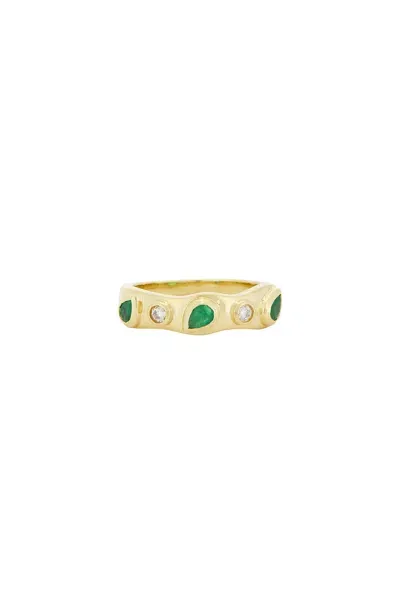 Stone And Strand Luxe Band Ring In 10k Yellow Gold  Emerald  & White Diamon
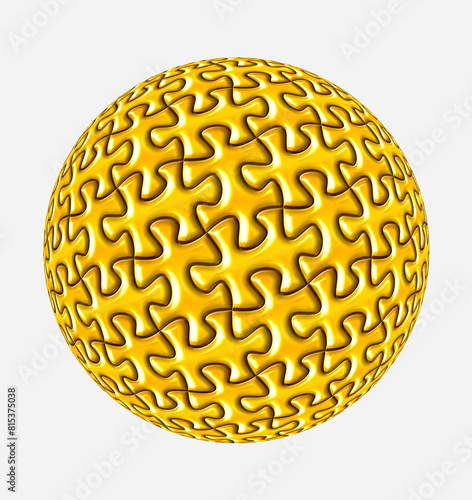 Golden globe jigsaw puzzle isolated on white background.
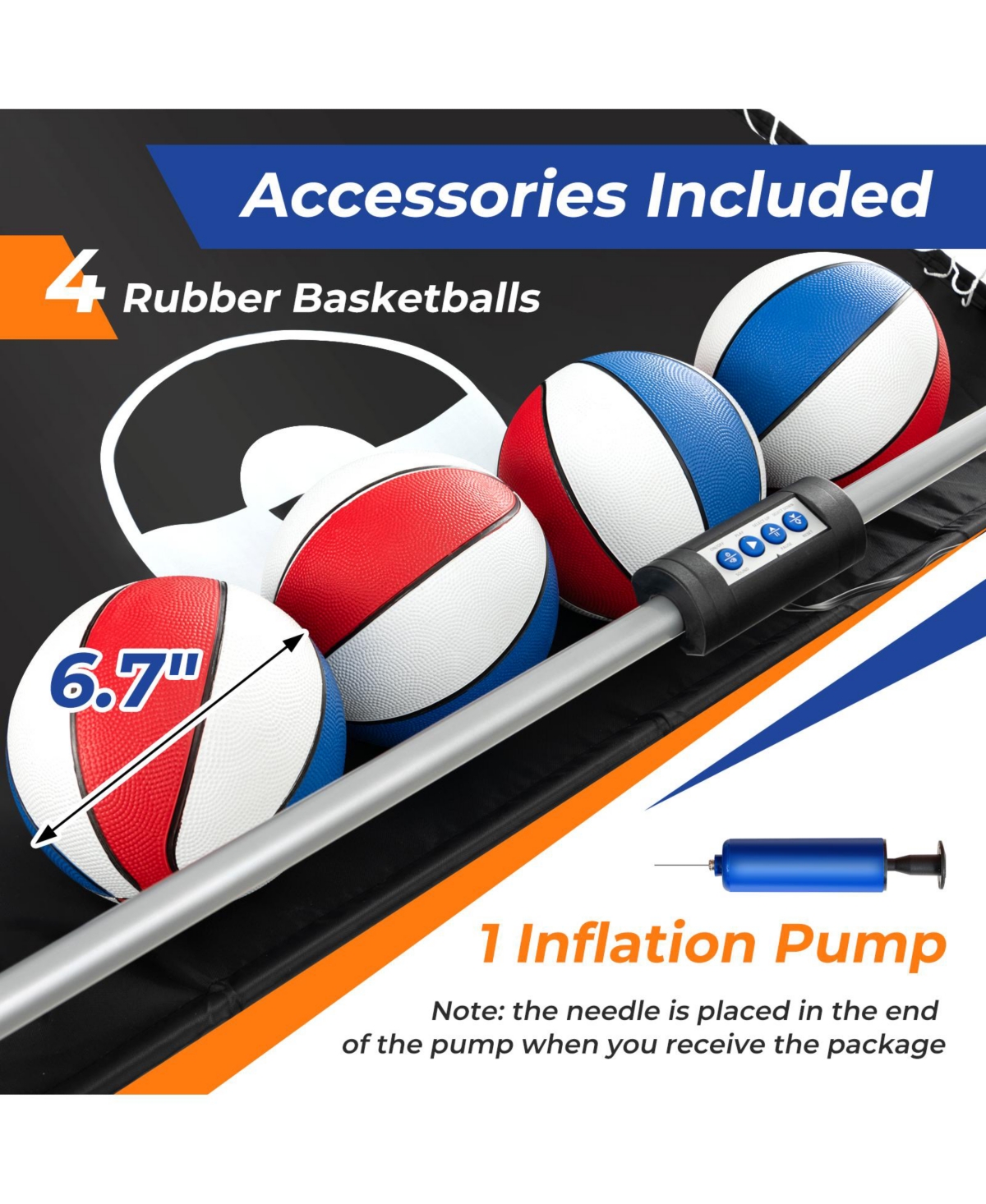 Gouun Dual Shot Basketball Arcade Game with Game Modes and 4 Balls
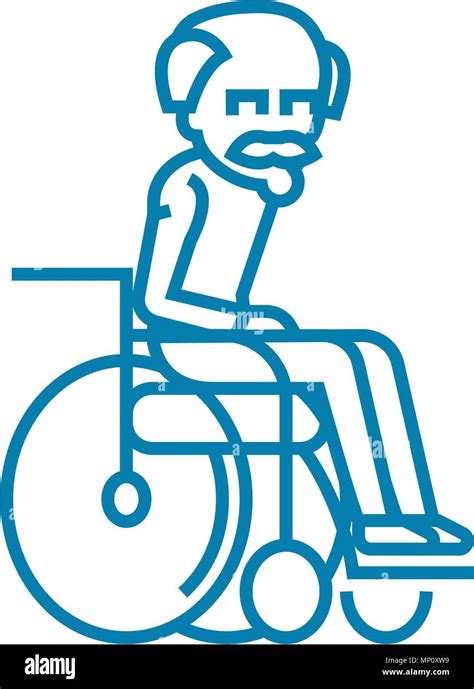 Elderly Invalid Linear Icon Concept Elderly Invalid Line Vector Sign Symbol Illustration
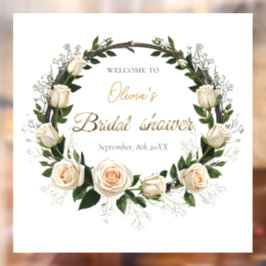 ホワイトローズ&ベビーズブレスブライダルシャワー ウィンドウサイン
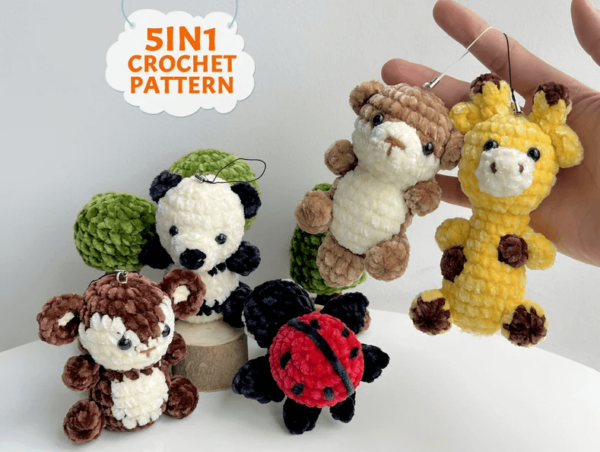 Keychain, Amigurumi  Keychain, Ladybug Turtle, Monkey Crochet, Baby Sea Otter, Giraffe Crochet, Panda Crochet Crochet Pattern PDF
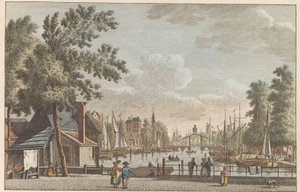 Leuvehaven, Rotterdam, yaklaşık 1790 Leuvehaven in Rotterdam / Le Canal dit Leuvenhaven a Rotterdam (nesne üzerindeki başlık)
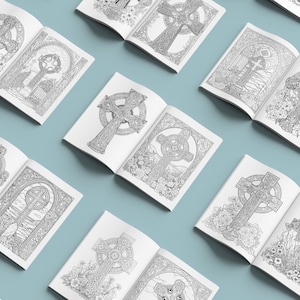 Puede incluir: Una colecci&oacute;n de p&aacute;ginas para colorear con intrincados dise&ntilde;os de cruces celtas. Cada p&aacute;gina muestra un dise&ntilde;o de cruz diferente con patrones detallados y elementos florales.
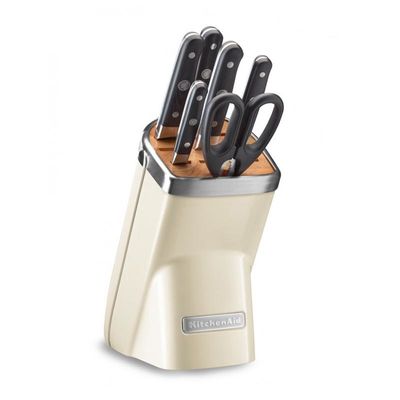 KitchenAid Bıçak Seti, Bloklu, 7 Parça, Badem Ezmesi - 1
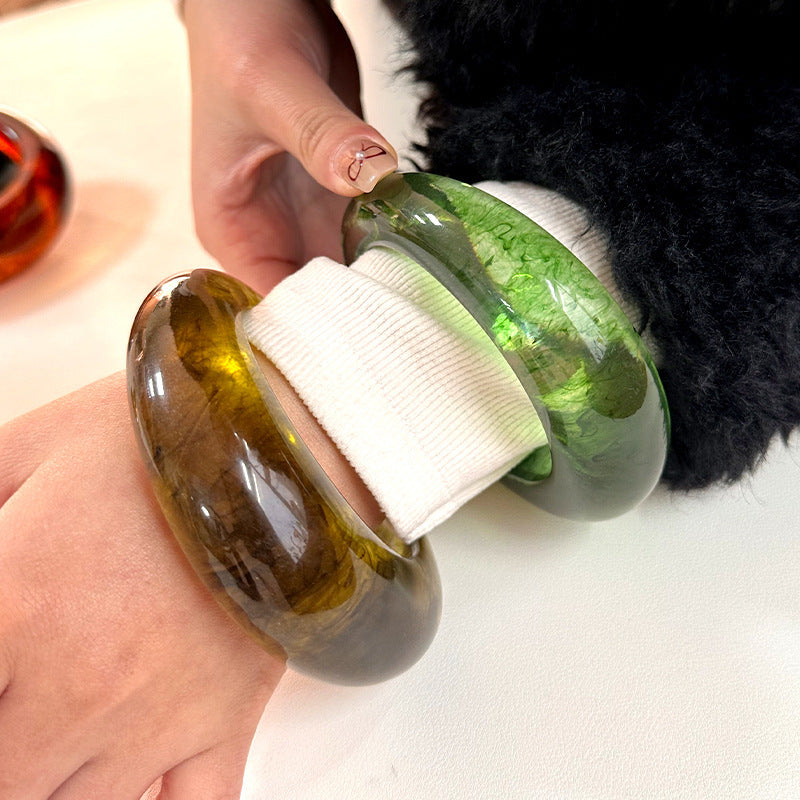 Resin Round Geometric Irregular Bracelet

***

Please print all of the records above exactly, omitting each picture.

» ANSWER SECTION:
 Stone And Strand Luxe Band Ring In 10k Yellow Gold  Emerald  & White Diamon
 Golden globe jigsaw puzzle isolated on white background.
 Gouun Dual Shot Basketball Arcade Game with Game Modes and 4 Balls
 Elderly Invalid Linear Icon Concept Elderly Invalid Line Vector Sign Symbol Illustration
 ホワイトローズ&ベビーズブレスブライダルシャワー ウィンドウサイン
 Keychain, Amigurumi  Keychain, Ladybug Turtle, Monkey Crochet, Baby Sea Otter, Giraffe Crochet, Panda Crochet Crochet Pattern PDF
 Leuvehaven, Rotterdam, yaklaşık 1790 Leuvehaven in Rotterdam / Le Canal dit Leuvenhaven a Rotterdam (nesne üzerindeki başlık)
 Puede incluir: Una colecci&oacute;n de p&aacute;ginas para colorear con intrincados dise&ntilde;os de cruces celtas. Cada p&aacute;gina muestra un dise&ntilde;o de cruz diferente con patrones detallados y elementos florales.
 KitchenAid Bıçak Seti, Bloklu, 7 Parça, Badem Ezmesi - 1
 Resin Round Geometric Irregular Bracelet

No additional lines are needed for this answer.